Security & Development
Law is a system of rules that are enforced through social institutions to govern behaviour. Laws can be made by legislatures through legislation (resulting in statutes), the executive through decrees and regulations, or judges through binding precedent (normally in common law jurisdictions). Private individuals can create legally binding contracts, including (in some jurisdictions) arbitration agreements that may elect to accept alternative arbitration to the normal court process. The formation of laws themselves may be influenced by a constitution (written or unwritten) and the rights encoded therein. The law shapes politics, economics, history and society in various ways and serves as a mediator of relations between people.

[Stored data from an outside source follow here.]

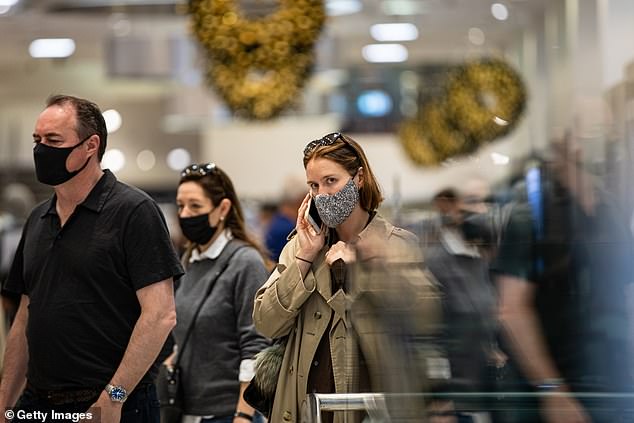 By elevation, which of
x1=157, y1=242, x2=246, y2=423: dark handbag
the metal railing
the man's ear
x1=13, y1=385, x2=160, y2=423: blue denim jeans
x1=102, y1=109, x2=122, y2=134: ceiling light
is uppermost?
x1=102, y1=109, x2=122, y2=134: ceiling light

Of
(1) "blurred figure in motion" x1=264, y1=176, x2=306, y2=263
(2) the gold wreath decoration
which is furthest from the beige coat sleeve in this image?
(2) the gold wreath decoration

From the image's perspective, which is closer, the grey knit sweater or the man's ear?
the man's ear

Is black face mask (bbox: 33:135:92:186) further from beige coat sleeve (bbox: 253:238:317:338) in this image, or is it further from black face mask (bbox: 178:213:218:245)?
Result: black face mask (bbox: 178:213:218:245)

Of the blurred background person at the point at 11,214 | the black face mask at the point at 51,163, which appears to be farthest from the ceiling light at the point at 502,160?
the blurred background person at the point at 11,214

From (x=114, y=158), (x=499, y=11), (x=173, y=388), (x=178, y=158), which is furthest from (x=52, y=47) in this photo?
(x=173, y=388)

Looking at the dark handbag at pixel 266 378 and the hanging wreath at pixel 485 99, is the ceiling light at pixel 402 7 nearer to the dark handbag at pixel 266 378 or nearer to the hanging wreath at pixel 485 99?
the hanging wreath at pixel 485 99

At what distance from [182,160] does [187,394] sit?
1461 cm

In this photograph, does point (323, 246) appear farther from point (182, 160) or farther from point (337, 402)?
point (182, 160)

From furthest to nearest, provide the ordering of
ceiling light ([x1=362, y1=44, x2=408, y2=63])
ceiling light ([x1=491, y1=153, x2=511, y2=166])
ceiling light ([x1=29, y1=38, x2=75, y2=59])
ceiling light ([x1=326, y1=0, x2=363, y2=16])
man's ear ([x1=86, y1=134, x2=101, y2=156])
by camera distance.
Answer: ceiling light ([x1=29, y1=38, x2=75, y2=59])
ceiling light ([x1=362, y1=44, x2=408, y2=63])
ceiling light ([x1=326, y1=0, x2=363, y2=16])
ceiling light ([x1=491, y1=153, x2=511, y2=166])
man's ear ([x1=86, y1=134, x2=101, y2=156])

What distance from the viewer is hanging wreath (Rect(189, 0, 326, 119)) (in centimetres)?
1093

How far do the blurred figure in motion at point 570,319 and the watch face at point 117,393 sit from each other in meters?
1.23

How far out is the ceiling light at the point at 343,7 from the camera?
40.1 feet

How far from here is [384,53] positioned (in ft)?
48.2

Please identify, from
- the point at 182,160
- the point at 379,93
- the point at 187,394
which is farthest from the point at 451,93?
the point at 187,394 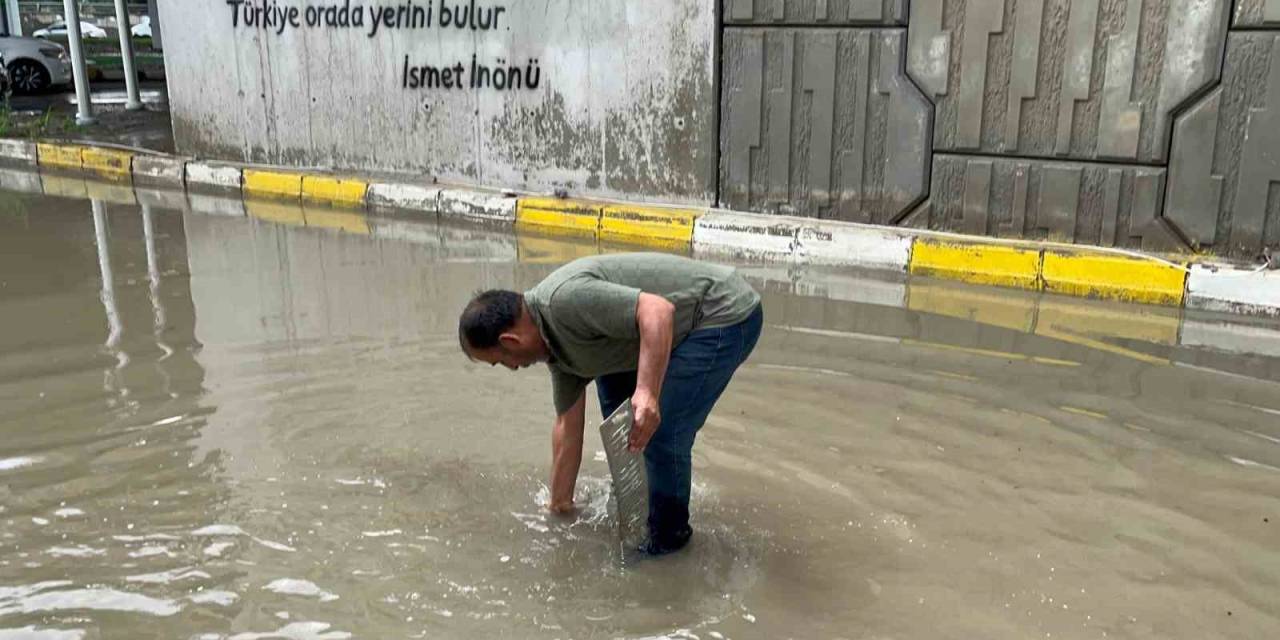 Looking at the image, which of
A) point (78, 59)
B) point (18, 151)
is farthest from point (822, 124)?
point (78, 59)

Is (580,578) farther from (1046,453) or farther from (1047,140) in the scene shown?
(1047,140)

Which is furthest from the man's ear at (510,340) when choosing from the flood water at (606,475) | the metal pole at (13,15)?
the metal pole at (13,15)

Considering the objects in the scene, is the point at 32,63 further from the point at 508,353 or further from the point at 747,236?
the point at 508,353

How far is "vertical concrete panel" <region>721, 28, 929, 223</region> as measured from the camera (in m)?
6.89

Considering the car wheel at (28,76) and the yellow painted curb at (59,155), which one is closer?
the yellow painted curb at (59,155)

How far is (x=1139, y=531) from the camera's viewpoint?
11.0 ft

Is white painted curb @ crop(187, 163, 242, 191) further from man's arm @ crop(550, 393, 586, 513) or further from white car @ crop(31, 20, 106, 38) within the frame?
white car @ crop(31, 20, 106, 38)

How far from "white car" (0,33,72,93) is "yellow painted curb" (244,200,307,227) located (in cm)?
1352

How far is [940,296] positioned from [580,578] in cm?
364

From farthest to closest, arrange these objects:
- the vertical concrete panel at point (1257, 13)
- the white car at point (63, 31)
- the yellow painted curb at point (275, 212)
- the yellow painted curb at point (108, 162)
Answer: the white car at point (63, 31)
the yellow painted curb at point (108, 162)
the yellow painted curb at point (275, 212)
the vertical concrete panel at point (1257, 13)

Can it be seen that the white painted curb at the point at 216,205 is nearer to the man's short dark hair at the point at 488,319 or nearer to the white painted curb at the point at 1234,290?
the man's short dark hair at the point at 488,319

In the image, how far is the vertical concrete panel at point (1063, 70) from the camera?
602 centimetres

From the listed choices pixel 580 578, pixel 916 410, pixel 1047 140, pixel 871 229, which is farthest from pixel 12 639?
pixel 1047 140

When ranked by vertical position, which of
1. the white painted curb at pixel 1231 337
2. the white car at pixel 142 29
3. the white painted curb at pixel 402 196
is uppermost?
the white car at pixel 142 29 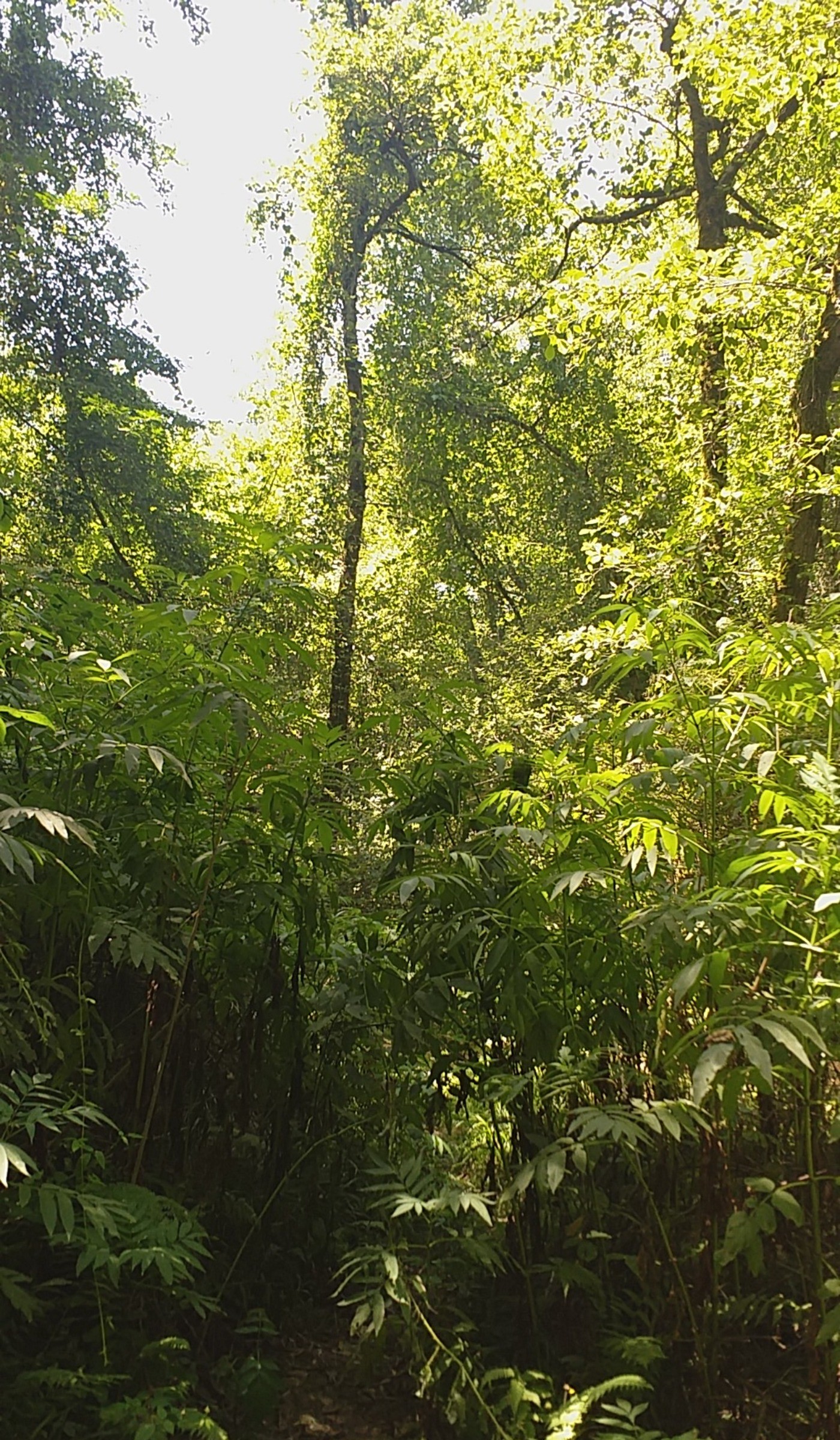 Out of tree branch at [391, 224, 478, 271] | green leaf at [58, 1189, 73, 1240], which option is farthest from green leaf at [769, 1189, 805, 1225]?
tree branch at [391, 224, 478, 271]

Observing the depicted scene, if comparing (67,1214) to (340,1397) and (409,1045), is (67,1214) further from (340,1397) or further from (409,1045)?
(340,1397)

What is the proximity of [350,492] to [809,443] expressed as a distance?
829 centimetres

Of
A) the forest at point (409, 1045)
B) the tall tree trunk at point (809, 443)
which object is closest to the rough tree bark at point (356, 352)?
the tall tree trunk at point (809, 443)

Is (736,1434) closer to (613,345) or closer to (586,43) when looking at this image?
(586,43)

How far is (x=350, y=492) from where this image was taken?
42.6 ft

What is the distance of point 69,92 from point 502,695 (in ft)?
29.0

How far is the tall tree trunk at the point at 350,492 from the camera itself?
11617mm

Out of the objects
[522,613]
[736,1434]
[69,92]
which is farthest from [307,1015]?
[69,92]

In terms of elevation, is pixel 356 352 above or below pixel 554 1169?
above

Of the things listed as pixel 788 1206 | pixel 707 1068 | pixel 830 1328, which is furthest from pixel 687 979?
pixel 830 1328

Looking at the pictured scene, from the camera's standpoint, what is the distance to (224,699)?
6.75 ft

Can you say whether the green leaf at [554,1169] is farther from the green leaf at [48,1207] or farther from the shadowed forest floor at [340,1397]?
the green leaf at [48,1207]

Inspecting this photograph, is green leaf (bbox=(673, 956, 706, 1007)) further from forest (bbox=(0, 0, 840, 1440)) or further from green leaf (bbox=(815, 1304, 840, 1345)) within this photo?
green leaf (bbox=(815, 1304, 840, 1345))

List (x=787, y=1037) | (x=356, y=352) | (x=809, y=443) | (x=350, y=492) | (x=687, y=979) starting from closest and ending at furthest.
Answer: (x=787, y=1037) → (x=687, y=979) → (x=809, y=443) → (x=350, y=492) → (x=356, y=352) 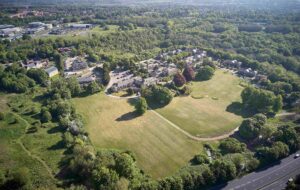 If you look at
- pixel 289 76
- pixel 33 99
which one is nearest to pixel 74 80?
pixel 33 99

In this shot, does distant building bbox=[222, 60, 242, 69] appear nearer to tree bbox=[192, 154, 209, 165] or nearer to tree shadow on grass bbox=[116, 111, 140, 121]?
tree shadow on grass bbox=[116, 111, 140, 121]

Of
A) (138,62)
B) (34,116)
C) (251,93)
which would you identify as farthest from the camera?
(138,62)

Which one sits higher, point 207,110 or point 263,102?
point 263,102

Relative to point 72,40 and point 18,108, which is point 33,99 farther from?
point 72,40

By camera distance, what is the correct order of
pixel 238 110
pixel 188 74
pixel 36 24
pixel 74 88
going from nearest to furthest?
pixel 238 110
pixel 74 88
pixel 188 74
pixel 36 24

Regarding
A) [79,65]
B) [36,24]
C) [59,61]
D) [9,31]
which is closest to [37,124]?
[79,65]

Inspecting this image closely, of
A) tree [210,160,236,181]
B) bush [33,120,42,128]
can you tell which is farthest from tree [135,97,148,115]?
→ tree [210,160,236,181]

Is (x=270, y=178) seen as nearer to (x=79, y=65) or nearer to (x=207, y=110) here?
(x=207, y=110) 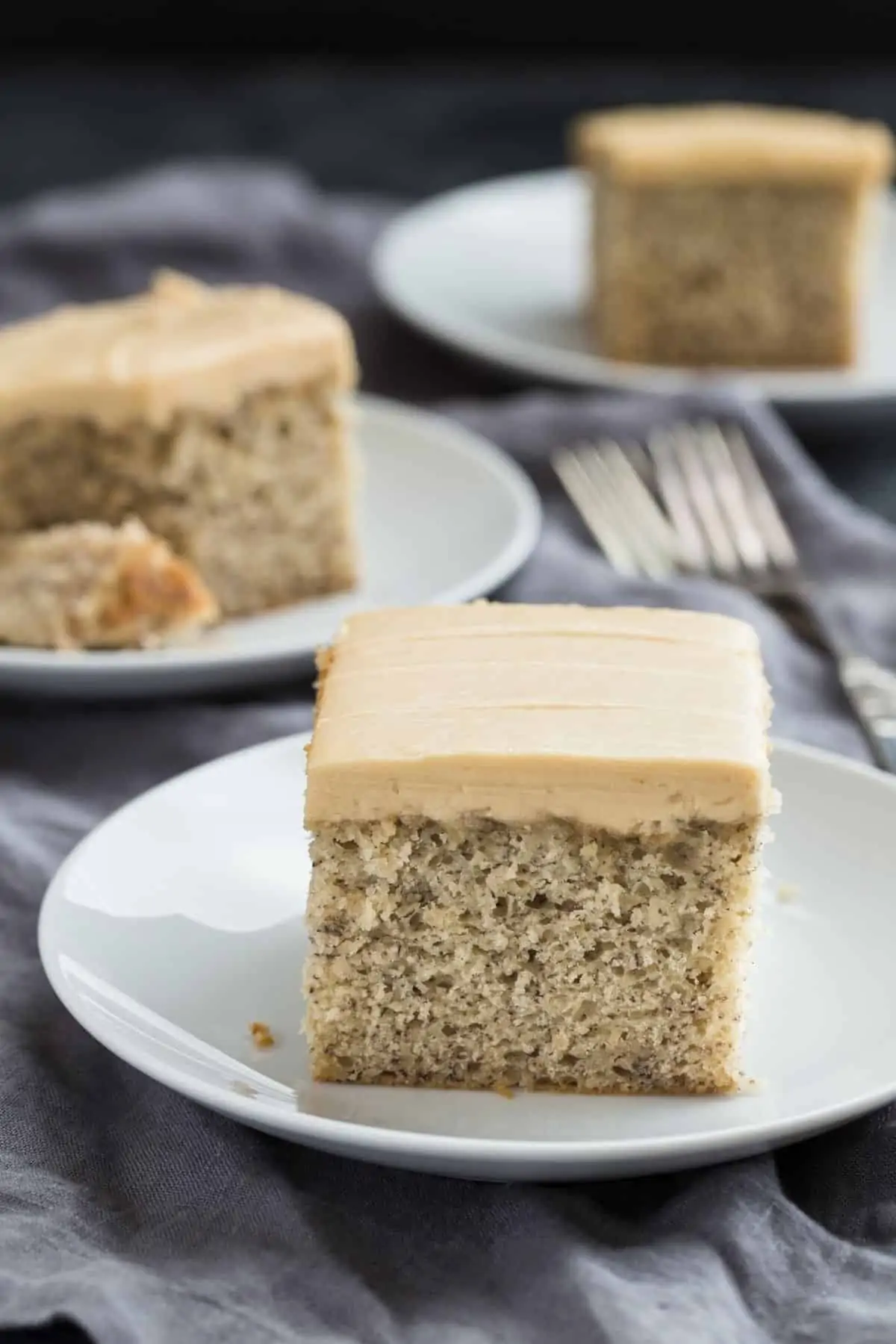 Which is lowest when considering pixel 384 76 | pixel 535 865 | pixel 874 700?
pixel 384 76

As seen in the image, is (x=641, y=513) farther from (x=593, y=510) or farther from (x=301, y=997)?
(x=301, y=997)

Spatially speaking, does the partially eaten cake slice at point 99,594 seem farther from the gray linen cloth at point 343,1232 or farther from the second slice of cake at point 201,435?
the gray linen cloth at point 343,1232

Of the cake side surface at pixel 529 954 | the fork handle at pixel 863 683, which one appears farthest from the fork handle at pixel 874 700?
the cake side surface at pixel 529 954

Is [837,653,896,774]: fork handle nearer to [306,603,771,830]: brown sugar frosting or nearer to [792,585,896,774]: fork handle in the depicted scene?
[792,585,896,774]: fork handle

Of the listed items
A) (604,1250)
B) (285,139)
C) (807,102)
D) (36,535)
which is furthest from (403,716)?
(807,102)

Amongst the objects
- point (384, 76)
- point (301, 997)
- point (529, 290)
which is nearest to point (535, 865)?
point (301, 997)

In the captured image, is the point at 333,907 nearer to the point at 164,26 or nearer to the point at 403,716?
the point at 403,716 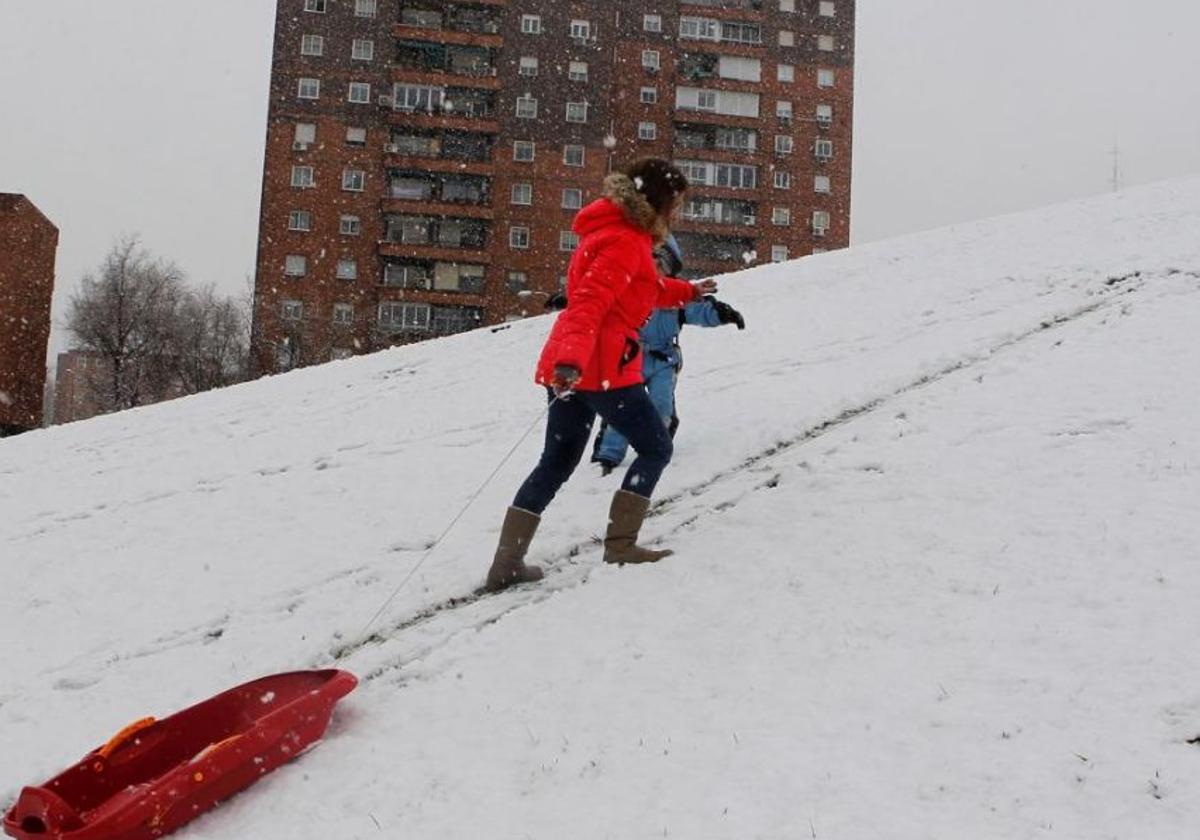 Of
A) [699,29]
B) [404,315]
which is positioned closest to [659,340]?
[404,315]

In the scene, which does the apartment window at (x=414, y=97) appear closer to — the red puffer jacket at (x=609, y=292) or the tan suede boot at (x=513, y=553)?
the red puffer jacket at (x=609, y=292)

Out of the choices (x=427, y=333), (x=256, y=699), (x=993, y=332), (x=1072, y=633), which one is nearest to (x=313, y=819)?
(x=256, y=699)

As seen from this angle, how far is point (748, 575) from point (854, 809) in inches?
80.5

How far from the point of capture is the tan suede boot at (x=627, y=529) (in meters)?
5.57

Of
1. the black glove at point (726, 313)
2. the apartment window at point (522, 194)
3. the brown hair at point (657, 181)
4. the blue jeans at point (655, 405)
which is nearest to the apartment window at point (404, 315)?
the apartment window at point (522, 194)

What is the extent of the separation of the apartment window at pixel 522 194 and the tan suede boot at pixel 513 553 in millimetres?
55366

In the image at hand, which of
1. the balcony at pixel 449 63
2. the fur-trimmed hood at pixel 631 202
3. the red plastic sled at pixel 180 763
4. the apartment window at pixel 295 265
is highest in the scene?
the balcony at pixel 449 63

1. Export/ import controls
COCOM (Coordinating Committee for Multilateral Export Controls) was an international organization for the mutual control of the export of strategic products and technical data from country members to proscribed destinations. It maintained, among others, the International Industrial List and the International Munitions List. In 1991, COCOM decided to allow export of mass-market cryptographic software (including public domain software). Most member countries of COCOM followed its regulations, but the United States maintained separate regulations.
The OECD released its Recommendation of the Council concerning Guidelines for Cryptography Policy on 27 March 1997. The guidelines are non-binding recommendations to Member governments, meaning that they will not be part of international law. The Guidelines provide principles which states should take into account and balance in developing a national crypto policy.